* [ASSIGNMENT]
Exactly as they appear, restate the lines of the material, from the first through the one containing "1202 Brittany Point Ct, Apex, NC 27502".
══════
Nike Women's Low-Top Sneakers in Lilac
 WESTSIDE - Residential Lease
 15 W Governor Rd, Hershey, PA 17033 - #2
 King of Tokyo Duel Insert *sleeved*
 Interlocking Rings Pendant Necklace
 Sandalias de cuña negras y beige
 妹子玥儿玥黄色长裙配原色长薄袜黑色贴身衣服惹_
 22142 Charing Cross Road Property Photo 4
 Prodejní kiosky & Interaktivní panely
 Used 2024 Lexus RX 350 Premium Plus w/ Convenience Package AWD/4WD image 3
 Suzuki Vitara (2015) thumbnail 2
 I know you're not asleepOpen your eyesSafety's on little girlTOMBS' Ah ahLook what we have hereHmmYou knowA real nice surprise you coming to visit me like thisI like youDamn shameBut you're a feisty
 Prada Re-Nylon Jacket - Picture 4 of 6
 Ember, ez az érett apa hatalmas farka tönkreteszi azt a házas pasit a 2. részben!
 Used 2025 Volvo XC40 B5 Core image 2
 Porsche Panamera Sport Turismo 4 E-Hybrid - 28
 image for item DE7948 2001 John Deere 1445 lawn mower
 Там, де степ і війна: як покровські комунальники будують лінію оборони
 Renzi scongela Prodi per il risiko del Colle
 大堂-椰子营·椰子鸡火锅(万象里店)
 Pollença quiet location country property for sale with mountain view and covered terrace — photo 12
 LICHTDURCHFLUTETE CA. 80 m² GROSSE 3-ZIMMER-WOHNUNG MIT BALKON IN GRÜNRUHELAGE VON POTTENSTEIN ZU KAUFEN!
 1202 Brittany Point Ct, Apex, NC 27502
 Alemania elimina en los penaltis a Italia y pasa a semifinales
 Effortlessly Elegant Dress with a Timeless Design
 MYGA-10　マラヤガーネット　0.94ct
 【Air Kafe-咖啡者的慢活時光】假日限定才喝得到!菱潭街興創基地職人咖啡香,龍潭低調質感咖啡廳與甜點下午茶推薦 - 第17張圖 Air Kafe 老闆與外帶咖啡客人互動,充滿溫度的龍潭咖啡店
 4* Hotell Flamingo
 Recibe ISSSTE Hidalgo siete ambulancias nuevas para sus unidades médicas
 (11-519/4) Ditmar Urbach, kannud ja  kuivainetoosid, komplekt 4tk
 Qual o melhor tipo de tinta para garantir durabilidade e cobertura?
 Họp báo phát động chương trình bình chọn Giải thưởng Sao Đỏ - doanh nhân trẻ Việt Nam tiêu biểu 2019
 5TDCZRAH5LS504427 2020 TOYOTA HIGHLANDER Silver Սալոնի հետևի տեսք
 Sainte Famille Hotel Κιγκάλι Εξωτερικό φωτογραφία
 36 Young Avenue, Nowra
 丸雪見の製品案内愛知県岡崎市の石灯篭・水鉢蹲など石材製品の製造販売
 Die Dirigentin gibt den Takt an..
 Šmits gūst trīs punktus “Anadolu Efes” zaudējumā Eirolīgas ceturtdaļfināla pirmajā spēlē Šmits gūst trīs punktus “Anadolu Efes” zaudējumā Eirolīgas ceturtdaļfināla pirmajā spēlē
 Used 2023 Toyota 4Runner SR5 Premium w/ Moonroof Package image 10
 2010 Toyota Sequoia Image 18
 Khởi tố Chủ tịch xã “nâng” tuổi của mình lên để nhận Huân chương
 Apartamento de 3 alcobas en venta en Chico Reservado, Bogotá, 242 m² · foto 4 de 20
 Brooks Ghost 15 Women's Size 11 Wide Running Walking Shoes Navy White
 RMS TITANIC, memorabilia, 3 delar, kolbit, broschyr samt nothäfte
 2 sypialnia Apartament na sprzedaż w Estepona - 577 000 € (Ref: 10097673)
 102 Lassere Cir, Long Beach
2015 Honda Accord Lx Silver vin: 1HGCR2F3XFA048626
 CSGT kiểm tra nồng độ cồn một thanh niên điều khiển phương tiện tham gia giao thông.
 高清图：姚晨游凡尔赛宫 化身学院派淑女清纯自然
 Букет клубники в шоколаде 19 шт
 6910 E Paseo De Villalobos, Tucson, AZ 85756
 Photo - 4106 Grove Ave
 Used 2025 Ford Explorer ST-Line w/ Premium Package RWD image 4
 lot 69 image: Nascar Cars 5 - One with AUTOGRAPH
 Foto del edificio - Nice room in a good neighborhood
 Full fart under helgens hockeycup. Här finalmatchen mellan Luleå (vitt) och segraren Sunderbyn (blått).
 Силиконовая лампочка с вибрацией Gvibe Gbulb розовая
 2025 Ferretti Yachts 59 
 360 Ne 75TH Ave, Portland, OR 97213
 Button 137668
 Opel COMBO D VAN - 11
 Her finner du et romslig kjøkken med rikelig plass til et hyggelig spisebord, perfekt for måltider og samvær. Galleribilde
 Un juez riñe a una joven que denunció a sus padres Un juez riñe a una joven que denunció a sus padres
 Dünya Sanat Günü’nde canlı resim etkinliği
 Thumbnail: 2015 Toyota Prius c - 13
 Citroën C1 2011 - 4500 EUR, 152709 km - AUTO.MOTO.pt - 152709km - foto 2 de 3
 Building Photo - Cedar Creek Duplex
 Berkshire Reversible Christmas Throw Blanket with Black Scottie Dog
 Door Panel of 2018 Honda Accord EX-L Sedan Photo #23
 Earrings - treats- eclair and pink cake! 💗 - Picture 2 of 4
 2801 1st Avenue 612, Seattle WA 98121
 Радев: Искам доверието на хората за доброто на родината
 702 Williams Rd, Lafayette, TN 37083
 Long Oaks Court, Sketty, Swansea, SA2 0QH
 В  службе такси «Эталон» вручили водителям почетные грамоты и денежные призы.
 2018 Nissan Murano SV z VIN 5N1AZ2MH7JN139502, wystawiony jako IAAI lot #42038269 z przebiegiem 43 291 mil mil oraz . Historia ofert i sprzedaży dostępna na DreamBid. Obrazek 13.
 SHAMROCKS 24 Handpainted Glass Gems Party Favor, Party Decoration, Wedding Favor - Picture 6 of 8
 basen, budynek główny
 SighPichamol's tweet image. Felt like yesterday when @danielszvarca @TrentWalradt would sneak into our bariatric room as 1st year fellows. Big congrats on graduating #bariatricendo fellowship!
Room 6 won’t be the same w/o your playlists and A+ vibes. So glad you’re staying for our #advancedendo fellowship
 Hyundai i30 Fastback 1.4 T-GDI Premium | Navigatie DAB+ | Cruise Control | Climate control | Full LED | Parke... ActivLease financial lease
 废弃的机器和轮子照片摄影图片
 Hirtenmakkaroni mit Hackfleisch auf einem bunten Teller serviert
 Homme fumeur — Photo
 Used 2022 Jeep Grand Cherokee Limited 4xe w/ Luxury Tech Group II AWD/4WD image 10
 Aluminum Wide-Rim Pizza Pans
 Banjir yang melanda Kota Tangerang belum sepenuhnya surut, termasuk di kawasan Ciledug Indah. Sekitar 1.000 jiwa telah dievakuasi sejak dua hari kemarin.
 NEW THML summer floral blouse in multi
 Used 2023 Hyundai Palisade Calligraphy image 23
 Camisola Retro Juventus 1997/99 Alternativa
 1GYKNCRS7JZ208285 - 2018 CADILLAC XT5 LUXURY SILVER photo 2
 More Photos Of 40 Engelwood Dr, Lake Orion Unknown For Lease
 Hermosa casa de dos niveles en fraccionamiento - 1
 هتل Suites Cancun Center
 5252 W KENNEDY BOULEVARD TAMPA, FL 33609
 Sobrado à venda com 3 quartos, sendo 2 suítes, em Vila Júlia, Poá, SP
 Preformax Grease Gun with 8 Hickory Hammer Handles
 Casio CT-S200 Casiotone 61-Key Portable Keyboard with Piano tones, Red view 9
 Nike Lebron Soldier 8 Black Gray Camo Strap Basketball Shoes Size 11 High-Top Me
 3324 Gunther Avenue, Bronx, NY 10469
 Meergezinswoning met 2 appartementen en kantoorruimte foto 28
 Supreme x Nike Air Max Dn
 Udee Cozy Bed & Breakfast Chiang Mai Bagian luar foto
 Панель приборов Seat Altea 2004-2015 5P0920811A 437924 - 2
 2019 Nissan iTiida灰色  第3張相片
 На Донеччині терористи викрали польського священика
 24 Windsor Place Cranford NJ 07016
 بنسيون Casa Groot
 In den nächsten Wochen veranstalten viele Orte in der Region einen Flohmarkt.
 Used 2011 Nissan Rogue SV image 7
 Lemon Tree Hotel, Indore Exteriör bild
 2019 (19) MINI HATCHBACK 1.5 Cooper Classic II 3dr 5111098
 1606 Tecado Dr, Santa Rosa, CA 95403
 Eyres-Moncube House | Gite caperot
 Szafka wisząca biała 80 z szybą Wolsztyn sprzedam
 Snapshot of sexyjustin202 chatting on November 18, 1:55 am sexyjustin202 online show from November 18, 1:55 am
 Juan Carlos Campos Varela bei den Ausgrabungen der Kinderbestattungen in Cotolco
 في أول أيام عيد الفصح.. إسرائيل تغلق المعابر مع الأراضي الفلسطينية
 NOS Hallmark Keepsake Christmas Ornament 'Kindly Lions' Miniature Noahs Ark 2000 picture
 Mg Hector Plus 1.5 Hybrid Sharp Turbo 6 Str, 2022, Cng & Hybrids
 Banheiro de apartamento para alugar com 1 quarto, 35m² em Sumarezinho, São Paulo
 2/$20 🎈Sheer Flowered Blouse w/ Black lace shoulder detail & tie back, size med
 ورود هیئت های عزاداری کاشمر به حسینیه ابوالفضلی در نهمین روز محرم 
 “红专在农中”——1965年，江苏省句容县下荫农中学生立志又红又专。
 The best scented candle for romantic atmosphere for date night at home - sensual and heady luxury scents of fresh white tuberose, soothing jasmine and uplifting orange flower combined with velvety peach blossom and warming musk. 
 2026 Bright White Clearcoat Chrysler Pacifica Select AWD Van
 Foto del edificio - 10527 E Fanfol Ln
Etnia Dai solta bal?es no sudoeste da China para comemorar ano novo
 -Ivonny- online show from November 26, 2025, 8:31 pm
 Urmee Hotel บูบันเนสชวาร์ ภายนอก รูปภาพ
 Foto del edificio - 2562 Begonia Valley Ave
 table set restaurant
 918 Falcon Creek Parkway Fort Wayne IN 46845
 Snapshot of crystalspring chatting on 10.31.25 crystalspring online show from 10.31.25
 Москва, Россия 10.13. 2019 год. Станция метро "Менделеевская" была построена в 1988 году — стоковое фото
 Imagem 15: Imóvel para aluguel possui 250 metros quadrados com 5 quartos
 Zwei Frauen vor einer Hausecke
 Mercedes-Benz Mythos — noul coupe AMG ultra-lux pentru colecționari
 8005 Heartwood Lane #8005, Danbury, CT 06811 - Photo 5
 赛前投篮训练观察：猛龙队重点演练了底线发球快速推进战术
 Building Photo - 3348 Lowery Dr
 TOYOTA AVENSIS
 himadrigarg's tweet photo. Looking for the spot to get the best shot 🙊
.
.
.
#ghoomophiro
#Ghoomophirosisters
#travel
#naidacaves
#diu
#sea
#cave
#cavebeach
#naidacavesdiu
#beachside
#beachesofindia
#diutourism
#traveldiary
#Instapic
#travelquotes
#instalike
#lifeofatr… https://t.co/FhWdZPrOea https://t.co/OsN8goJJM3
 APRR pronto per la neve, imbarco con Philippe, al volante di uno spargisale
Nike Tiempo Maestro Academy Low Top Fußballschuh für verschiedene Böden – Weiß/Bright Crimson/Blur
══════
* [SOLUTION FOR THIS PROBLEM]
Nike Women's Low-Top Sneakers in Lilac
 WESTSIDE - Residential Lease
 15 W Governor Rd, Hershey, PA 17033 - #2
 King of Tokyo Duel Insert *sleeved*
 Interlocking Rings Pendant Necklace
 Sandalias de cuña negras y beige
 妹子玥儿玥黄色长裙配原色长薄袜黑色贴身衣服惹_
 22142 Charing Cross Road Property Photo 4
 Prodejní kiosky & Interaktivní panely
 Used 2024 Lexus RX 350 Premium Plus w/ Convenience Package AWD/4WD image 3
 Suzuki Vitara (2015) thumbnail 2
 I know you're not asleepOpen your eyesSafety's on little girlTOMBS' Ah ahLook what we have hereHmmYou knowA real nice surprise you coming to visit me like thisI like youDamn shameBut you're a feisty
 Prada Re-Nylon Jacket - Picture 4 of 6
 Ember, ez az érett apa hatalmas farka tönkreteszi azt a házas pasit a 2. részben!
 Used 2025 Volvo XC40 B5 Core image 2
 Porsche Panamera Sport Turismo 4 E-Hybrid - 28
 image for item DE7948 2001 John Deere 1445 lawn mower
 Там, де степ і війна: як покровські комунальники будують лінію оборони
 Renzi scongela Prodi per il risiko del Colle
 大堂-椰子营·椰子鸡火锅(万象里店)
 Pollença quiet location country property for sale with mountain view and covered terrace — photo 12
 LICHTDURCHFLUTETE CA. 80 m² GROSSE 3-ZIMMER-WOHNUNG MIT BALKON IN GRÜNRUHELAGE VON POTTENSTEIN ZU KAUFEN!
 1202 Brittany Point Ct, Apex, NC 27502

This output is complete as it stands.